According to China Financial Management Network, at present, Minsheng Financial Management and Ping an Financial Management are issuing gold-linked wealth management products, which are still based on fixed income assets, with less than 10% of gold assets. For example, Minsheng Finance issued the "Maozhu fixed gold to enhance the holding period of half a year", for the fixed income category, R2 risk level, annualized performance benchmark 3.0%-4.5%.

With regard to the layout of "gold plus" wealth management products by wealth management companies, Yang Guozhong, a researcher on Puyi standards, told the Financial Associated Press: "in the past five years, due to global geopolitical tensions, various economic risks have occurred frequently. Gold prices have risen sharply from more than 1200 US dollars per ounce to the current more than 2400 US dollars per ounce. For bank financial management, whether the products directly invest in physical gold or through derivatives linked to the price of gold, there are full profit opportunities. "

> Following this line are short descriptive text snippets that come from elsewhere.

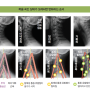목 디스크의 양한방 협진 치료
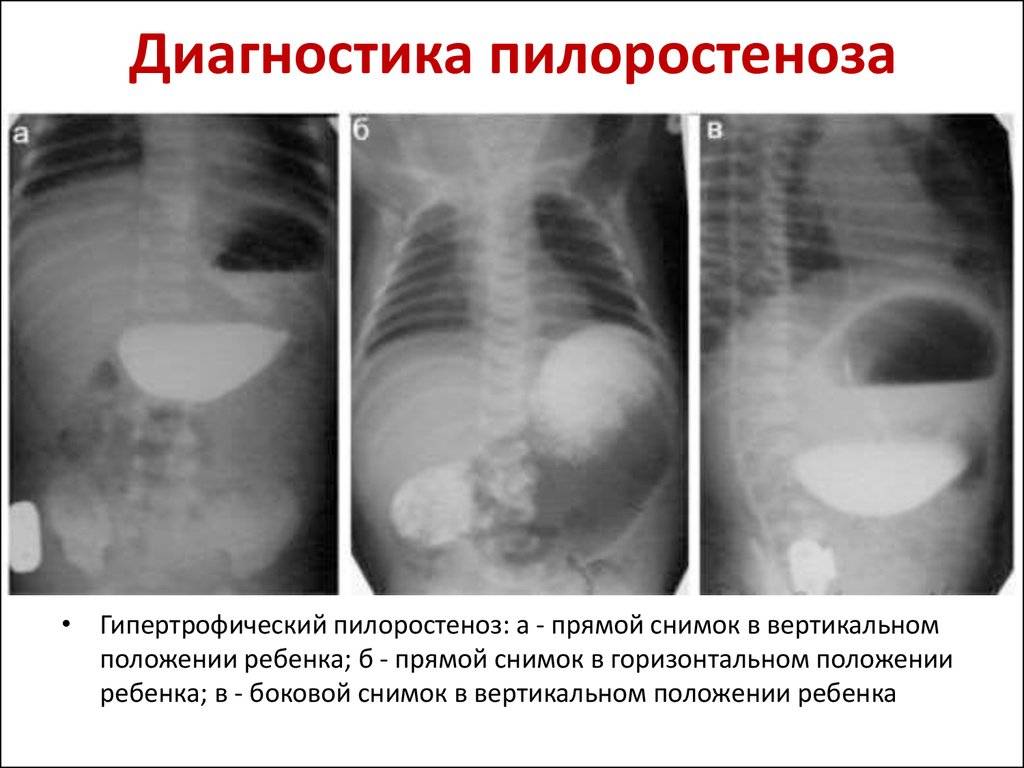 Пилоростеноз врожденный презентация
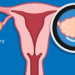 Ovarian Cancer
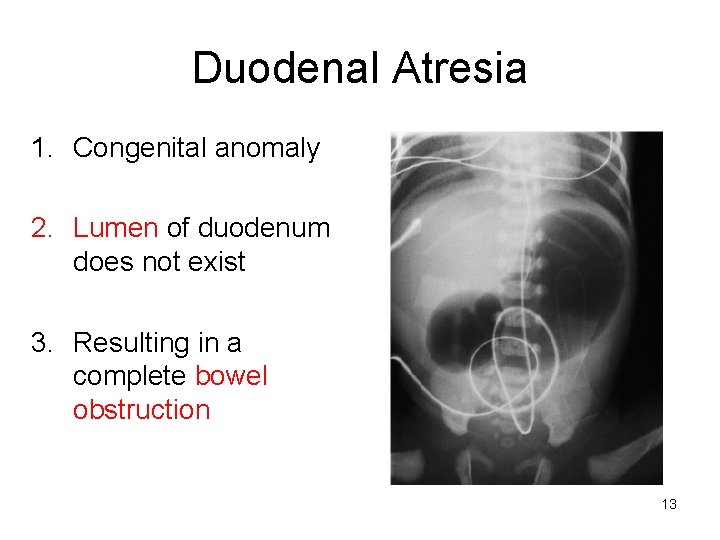 Duodenal Atresia 1. Congenital anomaly 2. Lumen of duodenum does not exist 3. Resulting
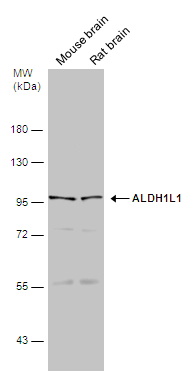 Various tissue extracts (50 μg) were separated by 7.5% SDS-PAGE, and the membrane was blotted with ALDH1L1 antibody (GTX131047) diluted at 1:500. The HRP-conjugated anti-rabbit IgG antibody (GTX213110-01) was used to detect the primary antibody.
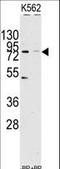 Lysine Demethylase 2A antibody, LS-C159949, Lifespan Biosciences, Western Blot image 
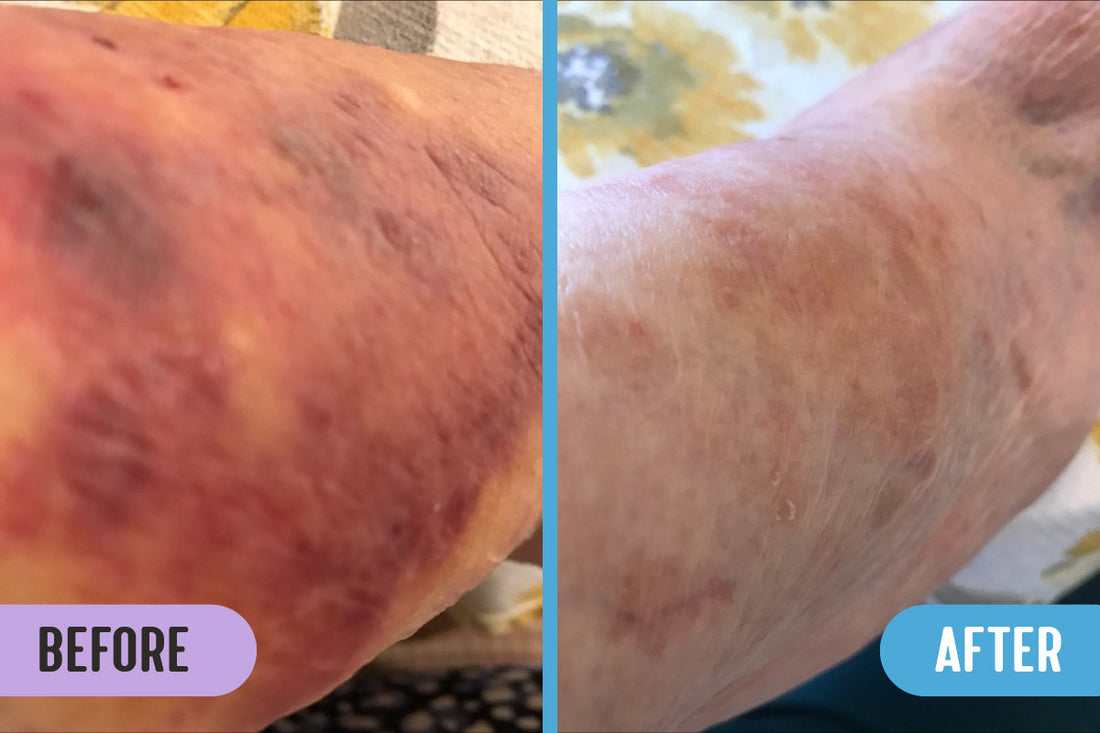 Before and after comparison of an elderly person's arm with visible red skin lesions in left photo versus much clearer skin in right 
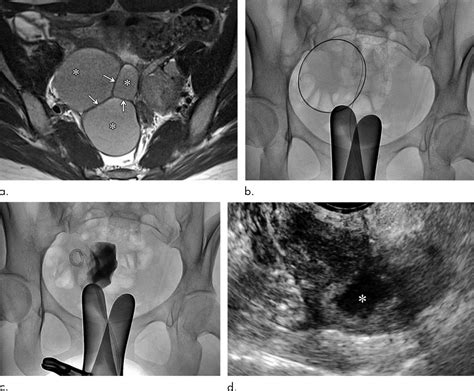 Clinical Course of a 27-Year-O [IMAGE] | EurekAlert! Science News Releases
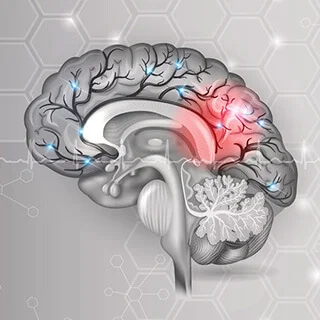 CS-Cerebrovascular-Accident.jpg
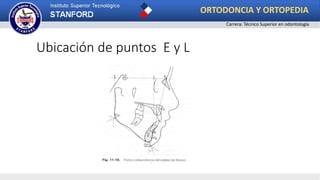 Ubicación de puntos E y L
ORTODONCIA Y ORTOPEDIA
Carrera: Técnico Superior en odontología
 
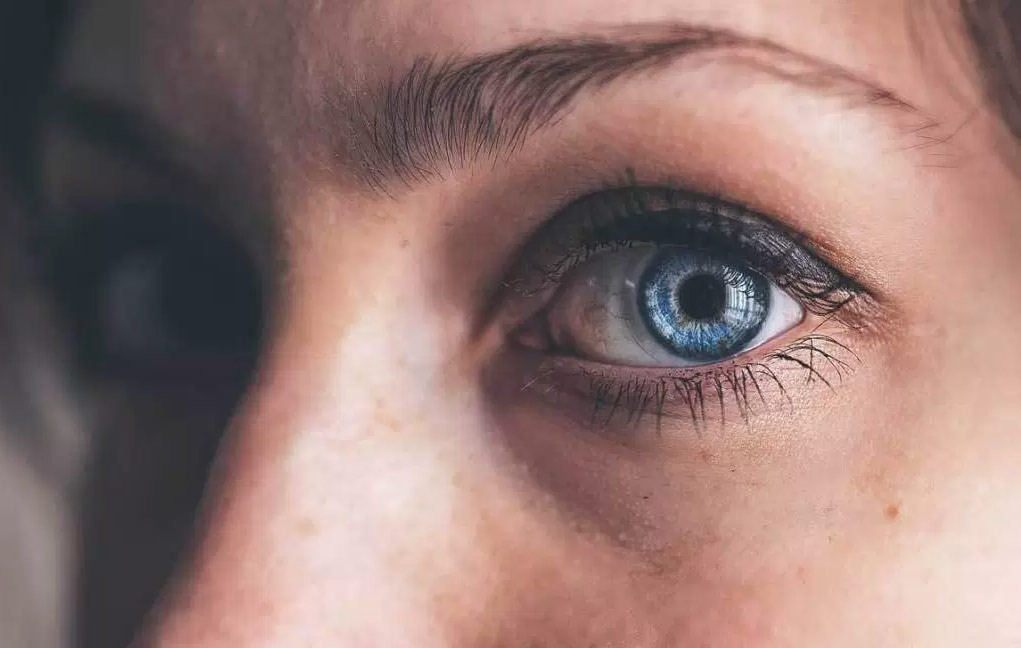 What is Dry Eye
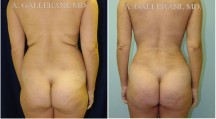 Liposuction - Patient F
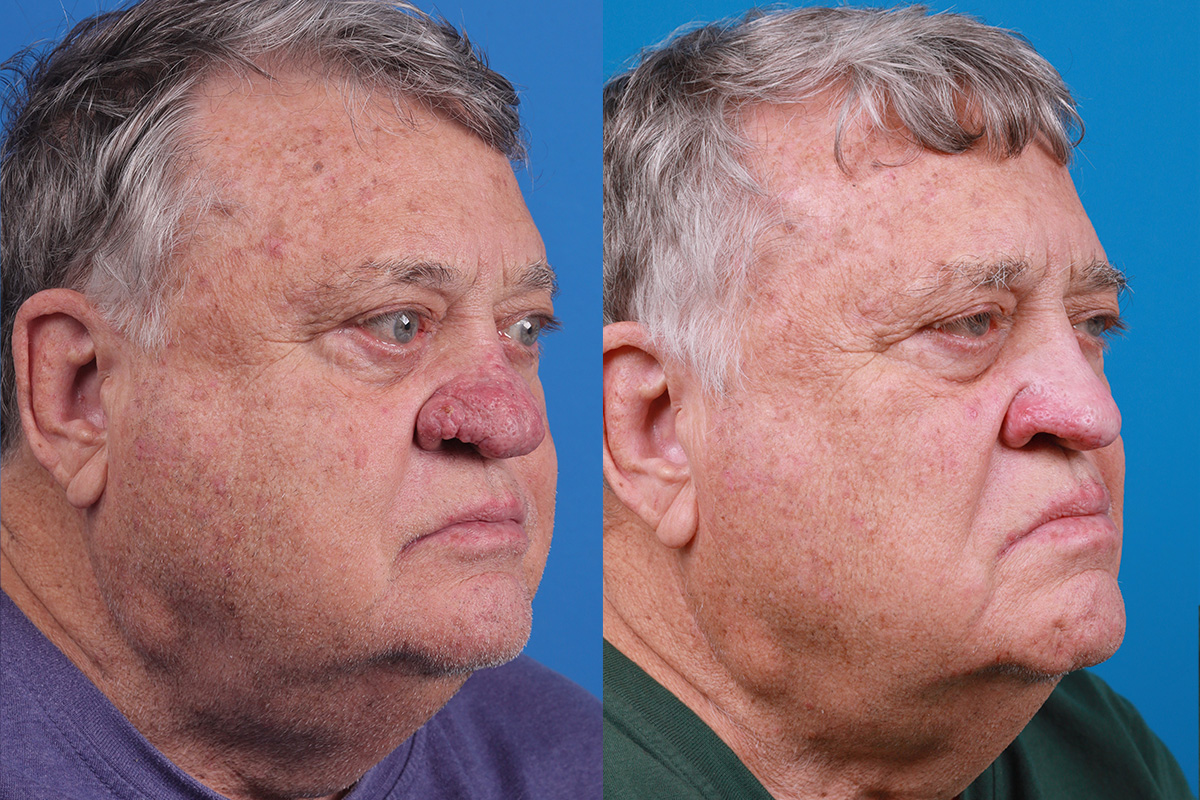 Rhinophyma Before & After Gallery - Patient 184320148 - Image 2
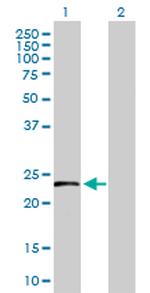 HSPB8 Antibody in Western Blot (WB)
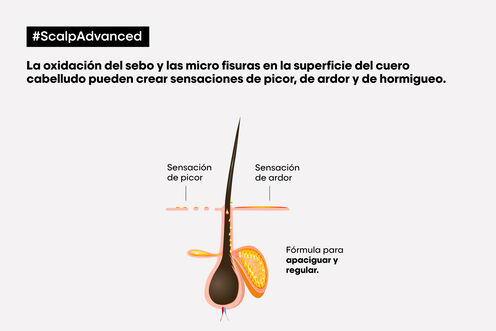 Scalp Advanced champú anti malestar - Los virales del momento | L'Oréal Partner Shop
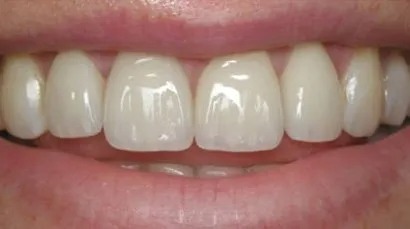 Chipped front teeth restoration - after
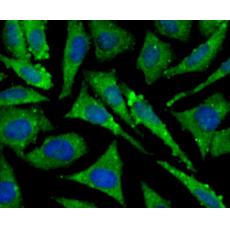 Anti-TAK1 antibody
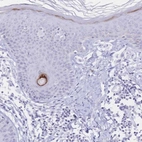 Immunohistochemical staining of human skin shows high expression.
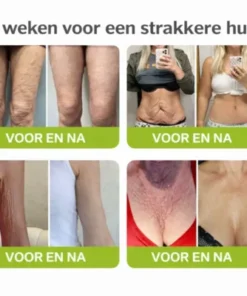 retinol infused face moisturizer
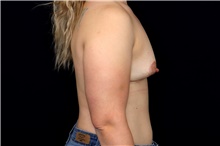 Breast Implant Removal After Photo by Landon Pryor, MD, FACS; Rockford, IL - Case 47699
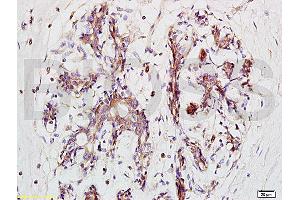 Formalin-fixed and paraffin embedded human breast carcinoma tissue labeled with Anti-BRMS-1 Polyclonal Antibody, Unconjugated (ABIN730933) at 1:200 followed by conjugation to the secondary antibody and DAB staining (BRMS1L antibody  (AA 151-246))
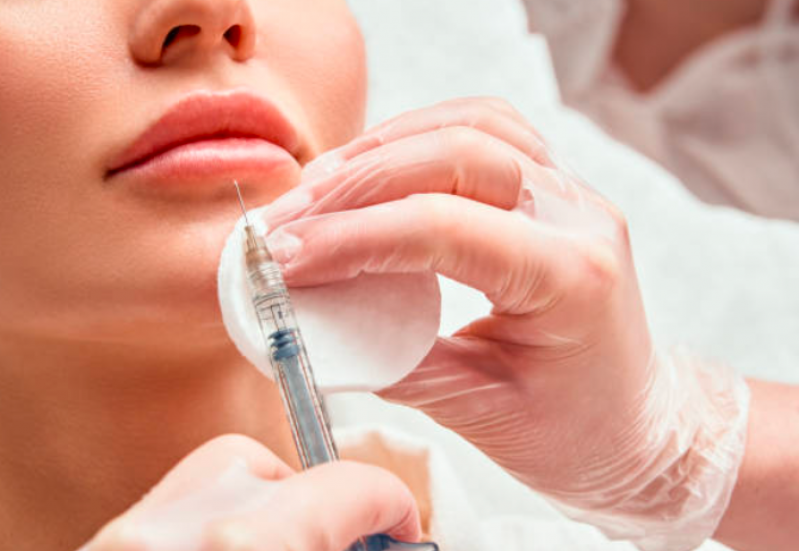 Aplicação de Botox na Boca Valor Centro - Aplicação de Botox nos Lábios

For the future trend of gold prices, a number of institutions and analysts said there is still room to rise. Soochow Securities Research News said that due to the impact of rising expectations of overseas interest rate cuts and Israel's crackdown on eastern Rafah, cease-fire negotiations were inconclusive, resulting in renewed geopolitical risks in the Middle East. Gold prices at home and abroad are moving well, and gold prices are expected to maintain a volatile upward trend.

More voices are "be on the lookout for risks". Looking forward to wealth management products linked to precious metals, Yang Guozhong also suggested that the current gold price is close to the high point predicted by some institutions, there are still new risk events to push up gold prices, and the possibility of shocks is also increasing. The issuing scale of subsequent "gold plus" financial products depends on the research and judgment of gold prices by various institutions.

With the fluctuation of gold prices, the Shanghai Gold Exchange issued an emergency announcement on May 20, saying that there are many uncertain factors affecting market operation in the near future, market risks have significantly increased, and price fluctuations have significantly increased. Member units are requested to raise their awareness of risk prevention, do a good job in risk emergency plans, and remind investors to do a good job in risk prevention, reasonable control of positions, and rational investment.